[Exercise details]
After reading the entries below, copy word for word the lines from the first through the line containing "贵盈配资 *ST宁科：中科新材已实现复工复产，目前生产经营正常", and stop there.
Working data below:
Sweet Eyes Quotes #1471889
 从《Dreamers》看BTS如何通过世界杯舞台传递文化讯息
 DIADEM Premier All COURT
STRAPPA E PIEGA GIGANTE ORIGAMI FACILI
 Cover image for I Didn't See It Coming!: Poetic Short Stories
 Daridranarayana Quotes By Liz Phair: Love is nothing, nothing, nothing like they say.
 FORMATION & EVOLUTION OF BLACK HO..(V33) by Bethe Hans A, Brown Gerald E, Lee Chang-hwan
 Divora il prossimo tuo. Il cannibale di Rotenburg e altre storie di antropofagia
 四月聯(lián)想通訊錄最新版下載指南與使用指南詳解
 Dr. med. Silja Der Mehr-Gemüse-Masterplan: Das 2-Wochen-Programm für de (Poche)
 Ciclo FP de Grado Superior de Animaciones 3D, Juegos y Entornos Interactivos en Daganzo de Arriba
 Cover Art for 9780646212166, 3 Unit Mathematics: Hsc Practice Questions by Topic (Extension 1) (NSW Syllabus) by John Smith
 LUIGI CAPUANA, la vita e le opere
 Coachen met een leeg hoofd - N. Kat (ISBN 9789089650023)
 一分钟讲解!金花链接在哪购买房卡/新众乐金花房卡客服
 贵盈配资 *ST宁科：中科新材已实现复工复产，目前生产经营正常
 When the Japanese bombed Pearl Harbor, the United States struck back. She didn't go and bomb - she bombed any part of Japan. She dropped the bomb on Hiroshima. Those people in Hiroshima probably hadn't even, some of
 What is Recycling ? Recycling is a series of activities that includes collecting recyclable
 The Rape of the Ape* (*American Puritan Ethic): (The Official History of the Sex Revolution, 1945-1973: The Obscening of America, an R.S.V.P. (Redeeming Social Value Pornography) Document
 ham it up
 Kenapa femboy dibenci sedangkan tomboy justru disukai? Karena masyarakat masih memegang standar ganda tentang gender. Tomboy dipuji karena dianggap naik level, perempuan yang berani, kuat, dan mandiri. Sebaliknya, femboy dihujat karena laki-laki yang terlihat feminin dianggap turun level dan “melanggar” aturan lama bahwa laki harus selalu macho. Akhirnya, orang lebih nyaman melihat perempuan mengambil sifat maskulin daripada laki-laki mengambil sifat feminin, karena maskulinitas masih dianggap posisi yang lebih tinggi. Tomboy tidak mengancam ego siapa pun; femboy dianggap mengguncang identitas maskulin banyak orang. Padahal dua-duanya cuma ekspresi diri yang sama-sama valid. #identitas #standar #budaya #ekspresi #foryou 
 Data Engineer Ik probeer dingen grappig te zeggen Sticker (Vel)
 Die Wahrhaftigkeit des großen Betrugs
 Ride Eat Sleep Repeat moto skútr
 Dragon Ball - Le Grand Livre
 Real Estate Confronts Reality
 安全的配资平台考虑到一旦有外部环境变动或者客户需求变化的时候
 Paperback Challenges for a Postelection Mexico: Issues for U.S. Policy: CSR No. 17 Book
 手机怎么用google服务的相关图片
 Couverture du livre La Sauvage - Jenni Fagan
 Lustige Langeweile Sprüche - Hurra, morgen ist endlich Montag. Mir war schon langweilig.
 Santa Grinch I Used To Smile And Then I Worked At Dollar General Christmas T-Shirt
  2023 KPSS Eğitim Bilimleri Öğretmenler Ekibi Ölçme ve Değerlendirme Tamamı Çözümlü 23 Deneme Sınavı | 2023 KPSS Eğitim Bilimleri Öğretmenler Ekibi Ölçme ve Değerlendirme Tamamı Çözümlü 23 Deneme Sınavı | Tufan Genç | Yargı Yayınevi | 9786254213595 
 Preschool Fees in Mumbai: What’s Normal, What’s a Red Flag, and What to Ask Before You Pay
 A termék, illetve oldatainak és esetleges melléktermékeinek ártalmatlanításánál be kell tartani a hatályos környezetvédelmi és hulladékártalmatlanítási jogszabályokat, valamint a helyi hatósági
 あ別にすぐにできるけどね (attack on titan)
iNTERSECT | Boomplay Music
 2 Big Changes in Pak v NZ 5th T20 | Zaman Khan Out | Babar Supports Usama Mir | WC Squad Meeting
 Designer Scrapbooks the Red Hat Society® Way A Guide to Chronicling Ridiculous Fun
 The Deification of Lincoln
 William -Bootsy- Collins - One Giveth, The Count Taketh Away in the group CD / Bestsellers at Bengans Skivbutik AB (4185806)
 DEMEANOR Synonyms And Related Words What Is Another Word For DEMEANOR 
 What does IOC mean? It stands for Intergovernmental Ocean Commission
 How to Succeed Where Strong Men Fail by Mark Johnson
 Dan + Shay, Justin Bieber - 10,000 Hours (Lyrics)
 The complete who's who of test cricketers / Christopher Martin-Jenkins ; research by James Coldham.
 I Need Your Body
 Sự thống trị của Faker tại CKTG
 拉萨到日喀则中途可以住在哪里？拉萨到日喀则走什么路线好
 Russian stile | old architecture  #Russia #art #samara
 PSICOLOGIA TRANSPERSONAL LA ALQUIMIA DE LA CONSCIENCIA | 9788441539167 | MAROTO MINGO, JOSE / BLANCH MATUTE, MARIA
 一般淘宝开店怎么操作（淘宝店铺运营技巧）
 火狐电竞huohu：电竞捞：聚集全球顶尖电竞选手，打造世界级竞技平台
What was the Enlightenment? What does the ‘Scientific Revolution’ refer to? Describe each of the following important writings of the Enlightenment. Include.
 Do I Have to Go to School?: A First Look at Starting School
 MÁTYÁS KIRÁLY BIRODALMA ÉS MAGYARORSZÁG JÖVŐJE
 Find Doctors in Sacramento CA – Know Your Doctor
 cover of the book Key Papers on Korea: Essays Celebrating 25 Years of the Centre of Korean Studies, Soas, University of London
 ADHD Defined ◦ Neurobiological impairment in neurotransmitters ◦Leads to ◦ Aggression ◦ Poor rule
End of Working data.
[Answer]
Sweet Eyes Quotes #1471889
 从《Dreamers》看BTS如何通过世界杯舞台传递文化讯息
 DIADEM Premier All COURT
STRAPPA E PIEGA GIGANTE ORIGAMI FACILI
 Cover image for I Didn't See It Coming!: Poetic Short Stories
 Daridranarayana Quotes By Liz Phair: Love is nothing, nothing, nothing like they say.
 FORMATION & EVOLUTION OF BLACK HO..(V33) by Bethe Hans A, Brown Gerald E, Lee Chang-hwan
 Divora il prossimo tuo. Il cannibale di Rotenburg e altre storie di antropofagia
 四月聯(lián)想通訊錄最新版下載指南與使用指南詳解
 Dr. med. Silja Der Mehr-Gemüse-Masterplan: Das 2-Wochen-Programm für de (Poche)
 Ciclo FP de Grado Superior de Animaciones 3D, Juegos y Entornos Interactivos en Daganzo de Arriba
 Cover Art for 9780646212166, 3 Unit Mathematics: Hsc Practice Questions by Topic (Extension 1) (NSW Syllabus) by John Smith
 LUIGI CAPUANA, la vita e le opere
 Coachen met een leeg hoofd - N. Kat (ISBN 9789089650023)
 一分钟讲解!金花链接在哪购买房卡/新众乐金花房卡客服
 贵盈配资 *ST宁科：中科新材已实现复工复产，目前生产经营正常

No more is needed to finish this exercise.